1. MORE STILLNESS: more time for children to just be. You know how when we get rest time your mind tends to not even *let* you rest? This is the result of a hyper-vigilant nervous system. We need to prime children’s nervous systems to be flexible + healthy. Open to rest. SAFE to rest.
2. PLAY: without it being judged, scored, + without giving participation trophies. Pure, unstructured play without an end result.
3. LESS FOCUS ON ACHIEVEMENT, MORE FOCUS ON UNFOLDING CHILDREN’S NATURAL GIFTS: lack of purpose + meaning is directly connected to depression + anxiety.
4. EMOTIONAL EDUCATION: education on healthy family dynamics, emotional intelligence, + nervous system awareness. Note: education would lead use to an entire upheaval of current systems.

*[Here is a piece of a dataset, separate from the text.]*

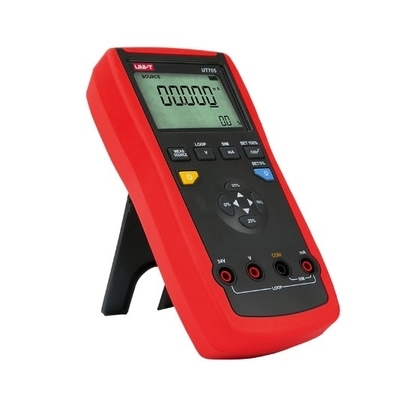 ProCal HD Handheld Loop Calibrator 0.02% Accuracy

5. RELATIONAL EDUCATION: relationships create our wellness (or lack of it). Focus on healthy, safe, secure attachment education so children can create healthy families as adults (even if they are born into dysfunctional family systems).
6. COMMUNITY SERVICE: collaboration + community connection helps children to understand we are all connected. It also allows them to be exposed to marginalised people or others who are “different” to them. Meeting + connecting with people who are different than us is key to tolerance + empathy building.’
But what does sitting still with yourself do? It means you meet yourself and have to address those things that may make you feel uncomfortable. For me it was that I was still a nervous person. Through all my achievements I was trying to please other people, rather than meeting my own needs. Now, to my coaches, and people I have worked for, this didn’t matter as I was still achieving. But how did it make me feel? And more importantly how did it leave me feeling? I was doing everything for everyone else. Once that gets ingrained it’s very hard to turn back.
Personally what reflecting on this has taught me is that I do have choices. I can sit with myself – and actually like it. I can observe what makes me nervous – the constant bombardment of messages can trigger something in me that is unnecessary, but necessary for me to decide if I engage with or not. Because ultimately that is what we’re striving for – for peace, for freedom and a sense of choice that differs us as humans from being machines.
Some very insightful work is being done around these subjects by some amazing friends, including;
- The North Kind – mindfulness to help children aged 5-11 become more confident, happy and resilient.
- Mini Mermaid Running Club UK offer schools ready-to-activate programmes for girls, ages 7-11, which combine physical activity and mindfulness to strengthen girls self-confidence, self-esteem and self-compassion.